Ling-Ling Chen carried out doctoral and post-doctoral work in Biomedical Science at UConn Health, USA with Gordon G. Carmichael from 2004 and 2010. She also completed an MBA degree in Management at the UConn Business School in 2009 and was promoted to Assistant Professor in Residence at UConn in 2010. Chen moved to the Shanghai Institute of Biochemistry and Cell Biology, Chinese Academy of Sciences as an independent PI in 2011 and was promoted to Senior PI in 2017. She was selected as the Howard Hughes Medical Institute (HHMI) International Research Scholar in 2017.

Chen primarily studies long noncoding RNAs (lncRNAs), a giant class of RNA molecules that are emerging as important regulators in gene expression networks. Her group has pioneered methods for studying non-polyadenylated RNAs and discovered widespread expressed snoRNA-related lncRNAs and circular RNAs. In addition to the characterization of their unusual biogenesis pathways, her group discovered that some sno-lncRNAs are conspicuously absent from patients with Prader-Willi Syndrome and circular RNAs are involved in innate immunity regulation and related to the autoimmune disease systemic lupus erythematosus. Her group now continues efforts to elucidate the biogenesis and function of these unconventional regulatory RNAs in different cellular contexts and in relevant human diseases.
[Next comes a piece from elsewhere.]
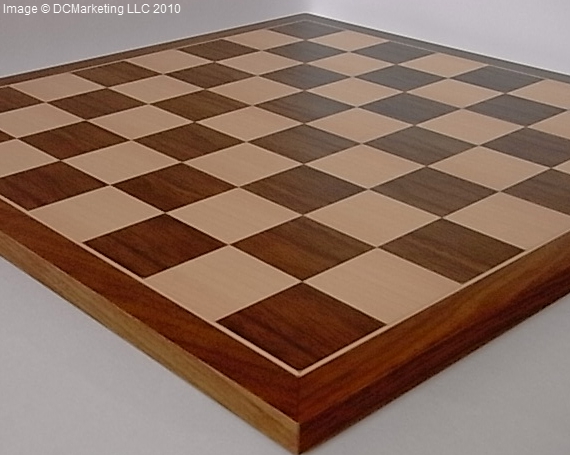Deluxe Walnut and Maple Wood Veneer Chess Board - 40cm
Chen serves the community as Editorial Boards of several journals: Genome Biol, Mobile DNA, RNA, RNA Biol, Transcription and Trends Genet; and as an organizer including CSHA on RNA Biology (2018/2020) the Annual Meeting of the RNA Society (2020), CSHL on Regulatory RNA (2020) and Keystone Symposium on Noncoding RNAs (2021). She is the recipient of several awards including being named as a Chinese Biological Investigators Society (CBIS) Young Investigator, an Asian-Pacific Molecular Biology Network (A-IMBN) Research Young Investigator, and the L’OREAL China for Women in Science and Young Investigator Award of CAS.

Linking circular RNA processing and function

Long noncoding RNAs (lncRNAs) are emerging as new regulators in gene expression networks and exhibit a surprising range of shapes and sizes.  Many lncRNAs are transcribed by RNA polymerase II and are capped, polyadenylated, and spliced like mRNAs.  By developing methods for genome-wide discovery and characterization of non-polyadenylated RNAs, we have identified several RNA species with unexpected formats.  These RNAs are derived from long primary transcripts via unusual RNA processing pathways and are stabilized by different mechanisms, including capping by small nucleolar RNA (snoRNA)–protein (snoRNP) complexes at their ends or forming circular structures.  We have shown that some such RNAs are involved in gene regulation and implicated in human diseases such as Prader-Willi Syndrome and the autoimmune disease systemic lupus erythematosus. 

I will discuss our most recent findings on the biogenesis, function and potential application of one type of circular RNAs that is produced by pre-RNA back-splicing of exons of thousands of genes in eukaryotes.